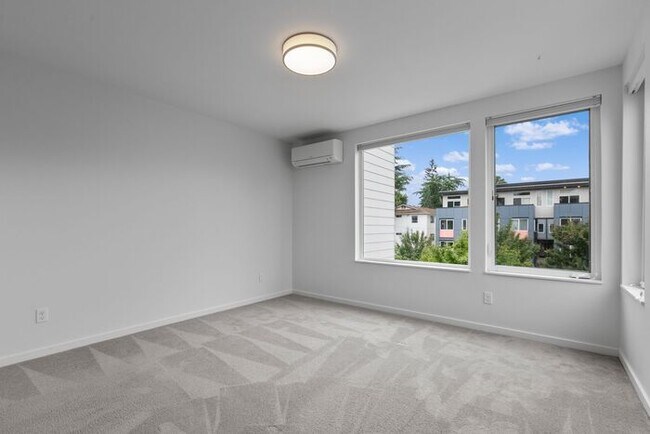 Building Photo - West Seattle Townhome with Air Conditionin...
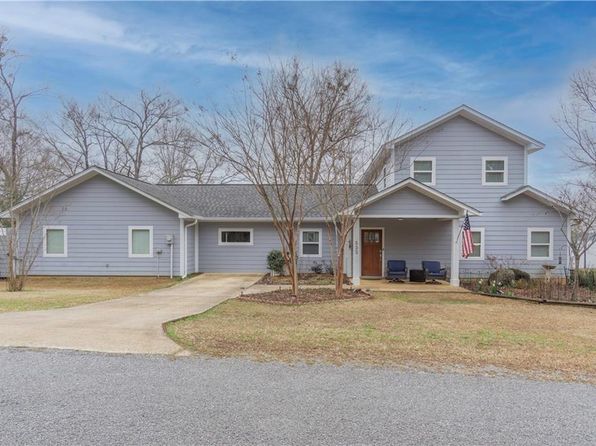 On Lake Claiborne Homer Real Estate 5 Homes For Sale Zillow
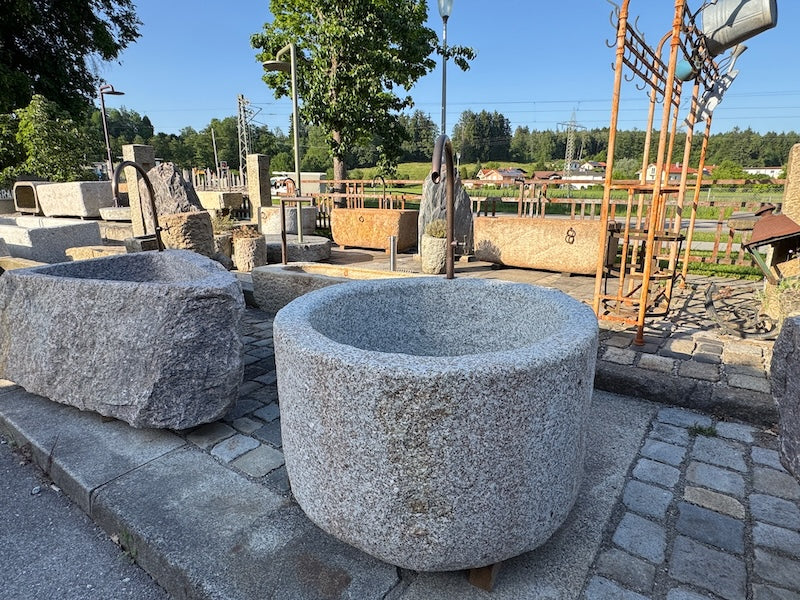 Granitbrunnen rund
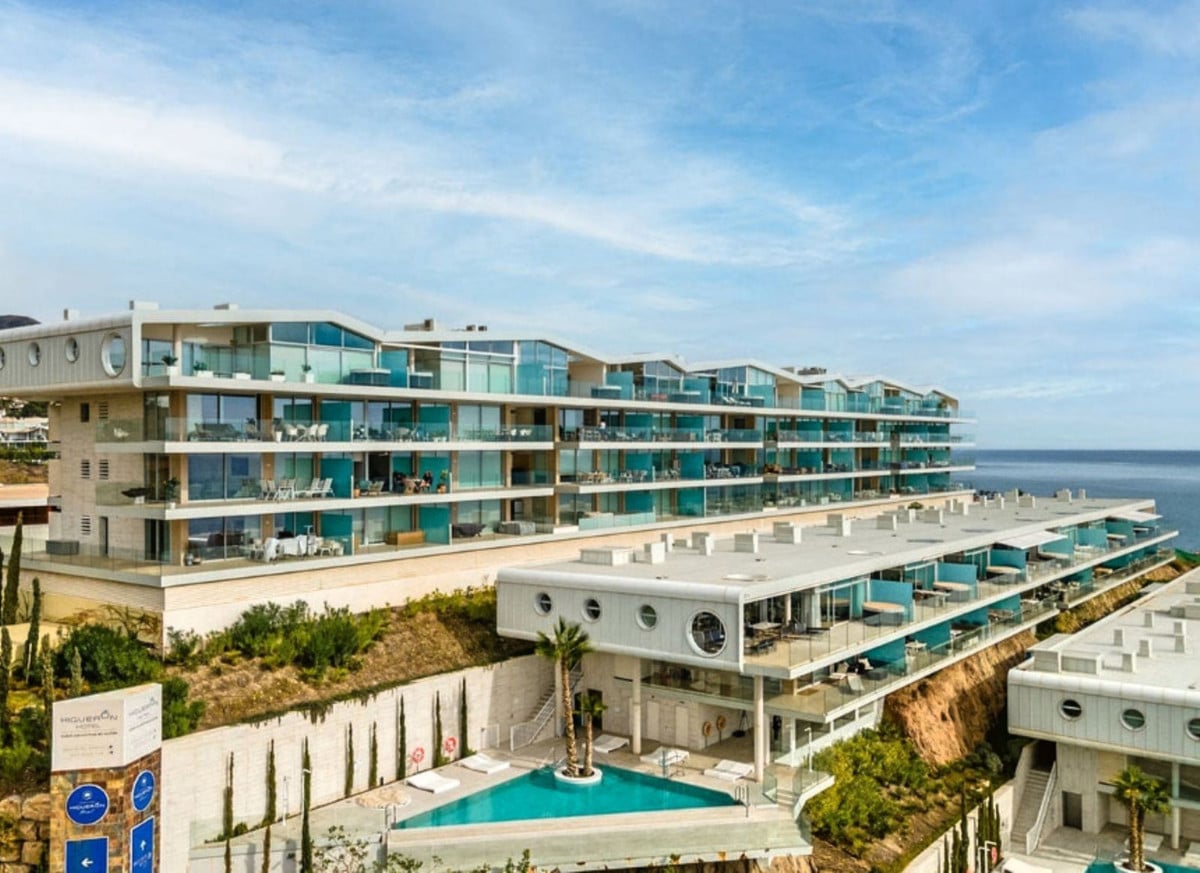 1-7980e48d732b6fc85c14b43b94d2aa54-1679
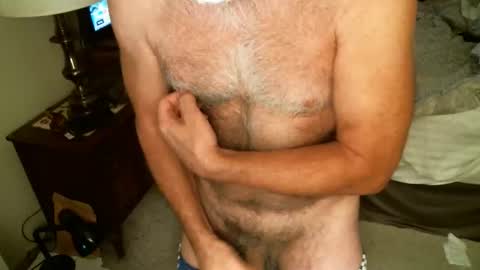 Hairy pecs online show from April 10, 2026, 11:09 pm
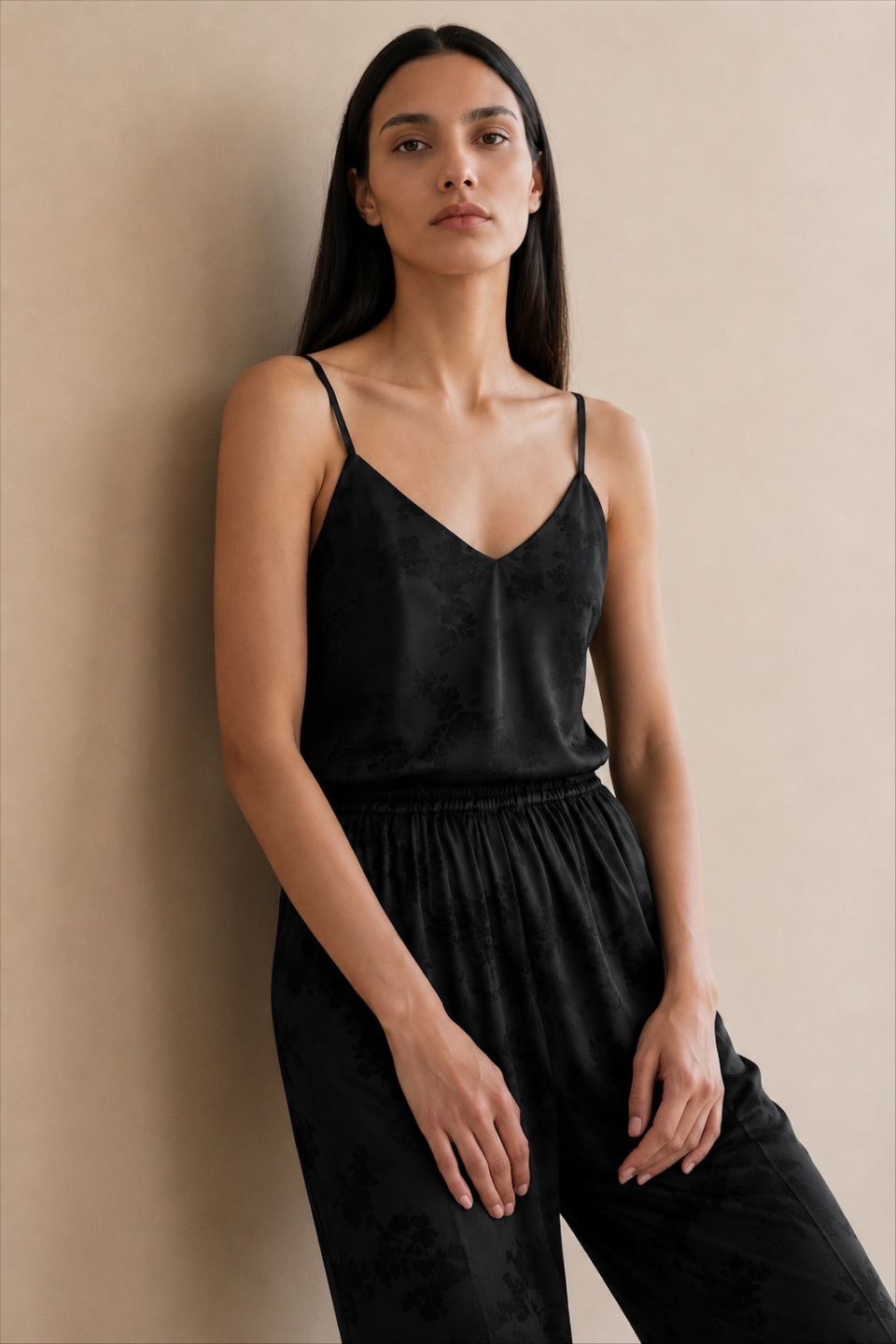 Σατέν τοπ με ζακάρ φλοράλ σχέδιο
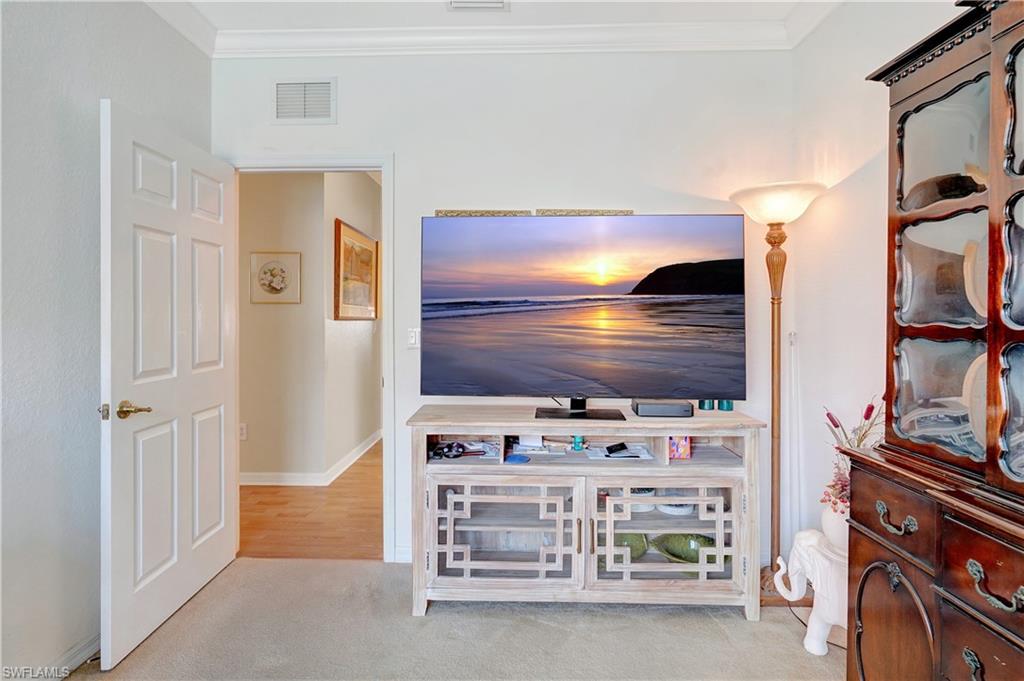 VALENCIA COUNTRY CLUB - Residential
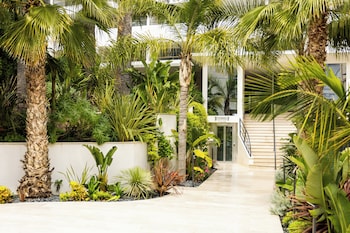 Staybridge Suites Cannes Centre By Ihg,Nice>>Cannes,4 star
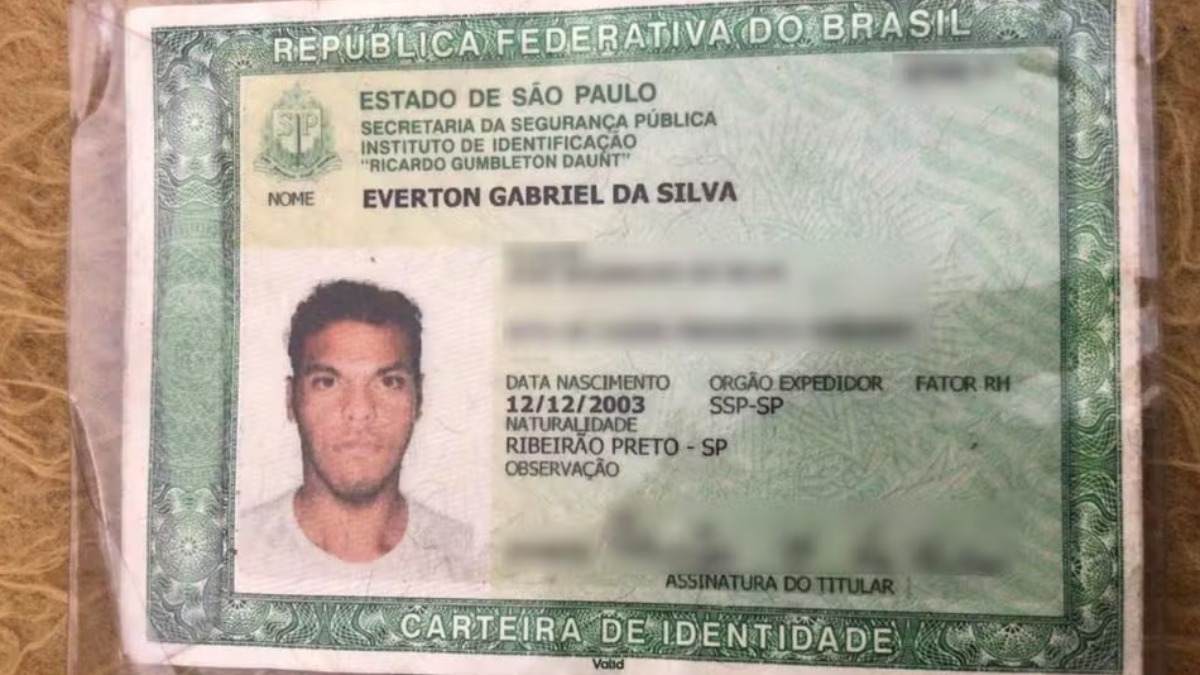 Polícia busca por homem que atirou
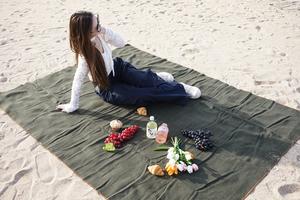 Manta de cama de lujo de lana merino Queen King, patrón sólido, tejido personalizado, estilo liso, tiro de invierno para Camping, Picnic, venta al por mayor - Product Image 3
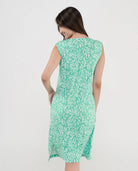 Vista posterior de mujer con vestido de verano para la playa color verde estampado hojas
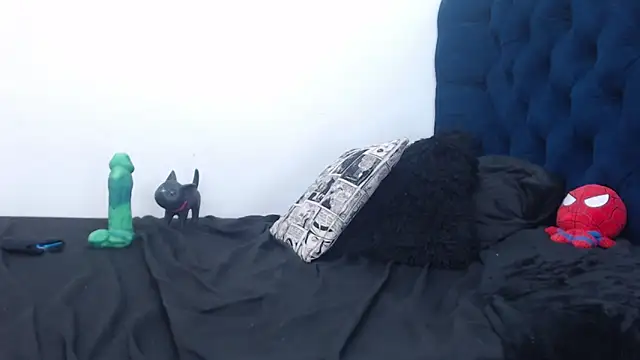 Snapshot of queenofwetqueens chatting on 12.22.24 queenofwetqueens online show from 12.22.24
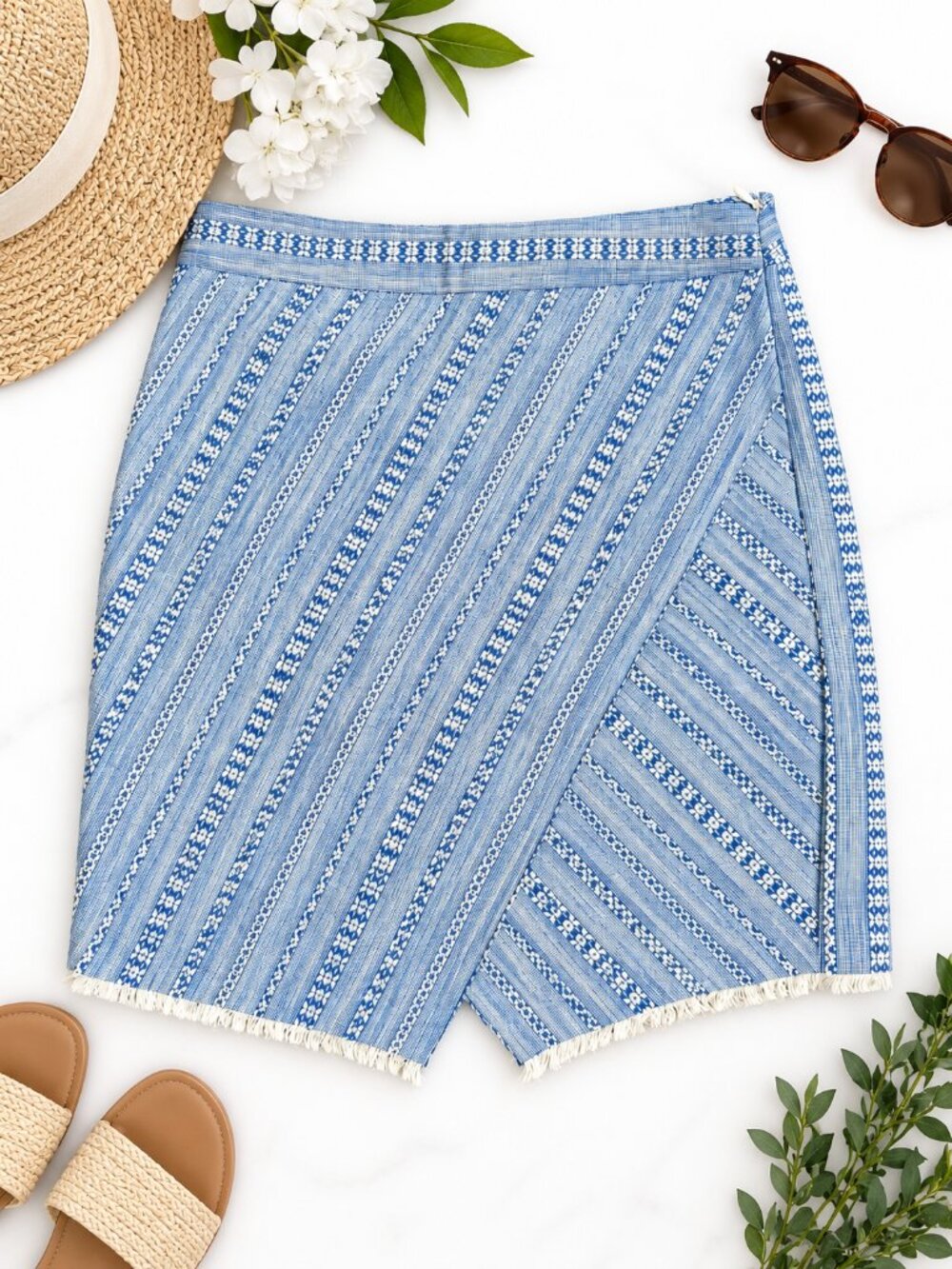 LOFT Blue White Striped Wrap Skort Fringe Hem Size 6 100% Cotton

== PROMPT ==
Retype all the material word for word while skipping any picture it contains.

== WRITTEN RESPONSE ==
 Building Photo - West Seattle Townhome with Air Conditionin...
 On Lake Claiborne Homer Real Estate 5 Homes For Sale Zillow
 Granitbrunnen rund
 1-7980e48d732b6fc85c14b43b94d2aa54-1679
 Hairy pecs online show from April 10, 2026, 11:09 pm
 Σατέν τοπ με ζακάρ φλοράλ σχέδιο
 VALENCIA COUNTRY CLUB - Residential
 Staybridge Suites Cannes Centre By Ihg,Nice>>Cannes,4 star
 Polícia busca por homem que atirou
 Manta de cama de lujo de lana merino Queen King, patrón sólido, tejido personalizado, estilo liso, tiro de invierno para Camping, Picnic, venta al por mayor - Product Image 3
 Vista posterior de mujer con vestido de verano para la playa color verde estampado hojas
 Snapshot of queenofwetqueens chatting on 12.22.24 queenofwetqueens online show from 12.22.24
 LOFT Blue White Striped Wrap Skort Fringe Hem Size 6 100% Cotton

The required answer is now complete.